There are significant methodological and philosophical differences between ethnography and laboratory-based processes in the product development cycle. These differences set users of these data collection methods at odds with one another. Frequently, these debates occur less within the user research community and more amongst the people using or responding to the findings and solutions presented. Whenever these arguments come up, the naysayers endlessly debate methodological purity, ownership, and expertise. One side fears a lack of scientific rigor, and the other worries about a contextually detached environment yielding irrelevant results. Both sides make valid points, but the debate draws attention away from the fundamental question of product design: does the product work in the broadest sense of the term? Can the people for whom the product is designed use it in the correct contexts?
To defuse the debate and get back to this primary question requires an approach that blends the rigor of laboratory-based processes with the contextual richness of ethnography. This article focuses on the rationale for using a blended method for testing and the basic principles of such a method.
Why We Bridge Methodological Boundaries
In the iterative product design process, what typically shapes the design are findings from in-lab usability testing.
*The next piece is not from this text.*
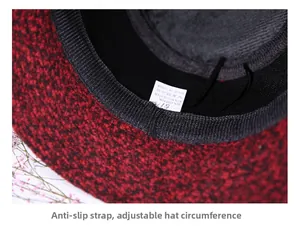 Detail of red-black blend hat featuring anti-slip band and adjustable inner drawstring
However, while the data are reliable in a controlled situation, they may not be valid in a real world context. It is possible to obtain perfect reliability with no validity when testing. But perfect validity would assure perfect reliability because every test observation would yield the complete truth. Unfortunately, perfection does not exist in the real world, so the reliable data recorded during laboratory testing must be supported with valid data that is best found through field research.
Consider RCA’s release of the eBook in 2000. The product tested very well, but no one asked where, when, and how people read. Consequently, the UI did not match user real world needs. Had it been tested in context, the company might have avoided millions of dollars in losses.
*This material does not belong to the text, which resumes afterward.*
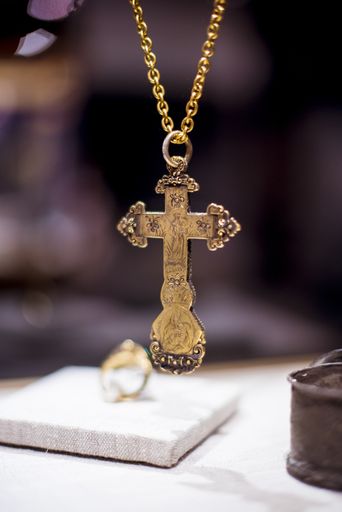 A closeup shot of a big golden Christian cross with depicted icons on a blurred background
To ensure validity, an anthropologist or ethnographer can spend time with potential users to understand how environment and culture shape what they do. When these observations inform the design process, the result is product innovation and improved design.
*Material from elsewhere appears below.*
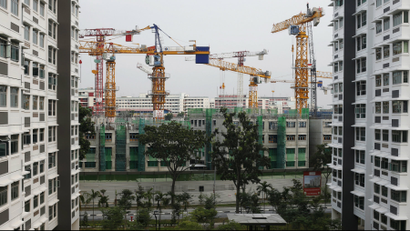 A view of a construction site of a public residential apartment estate next to completed estates in Singapore.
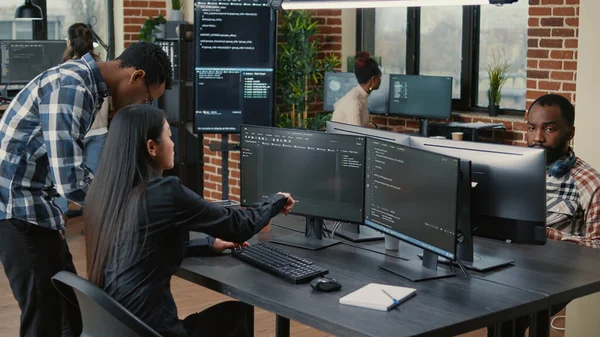 Mixed team of programmers analyzing source code pointing at screens comparing algorithm — Photo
At this point, however, the field expert is frequently removed, and the product moves forward with little cross-functional interaction. The UI designers and usability researchers take responsibility of ensuring that the product meets predetermined standards of usability. While scientific rigor is a noble goal, the history of science includes countless examples of hypothesis testing and discovery that would fail to satisfy modern rules of scientific method, including James Lind’s discovery of the cure for scurvy and Henri Becquerel’s discovery of radioactivity. Arguably, both scientists conducted bad science from the standpoint of sample size and environmental control, but that doesn’t negate the value to the millions of people that have benefited from these discoveries. Similarly, by allowing more testing in the field, we can gain insight into a product’s usability that might go undiscovered in a strictly controlled environment.
If we fail to account for the context in which the product will be used, we may overlook the real problem. A product may conform to every aspect of anthropometrics, ergonomics, and established principles of interface design. It may meet every requirement and have every feature potential users asked for. It may have also improved participants’ response time by a second or two in a lab study. But what if someone using the product is chest deep in mud while bullets fly overhead? Suddenly, something that was well-designed and tested becomes useless because no one accounted for shaking hands, awkward positions, and decrease in computational skills under physical and psychological stress. Admittedly, some conditions can be simulated in a lab. However, it would not be cost effective or ethical to create the heat, dirt, fear, and general discomfort described in the example above. Furthermore, users in their natural environment have a reduced need to provide answers that would placate the researcher. Context, and how it impacts performance, is of supreme importance, and knowing the right question to ask and the right action to measure become central to accurately assessing usability.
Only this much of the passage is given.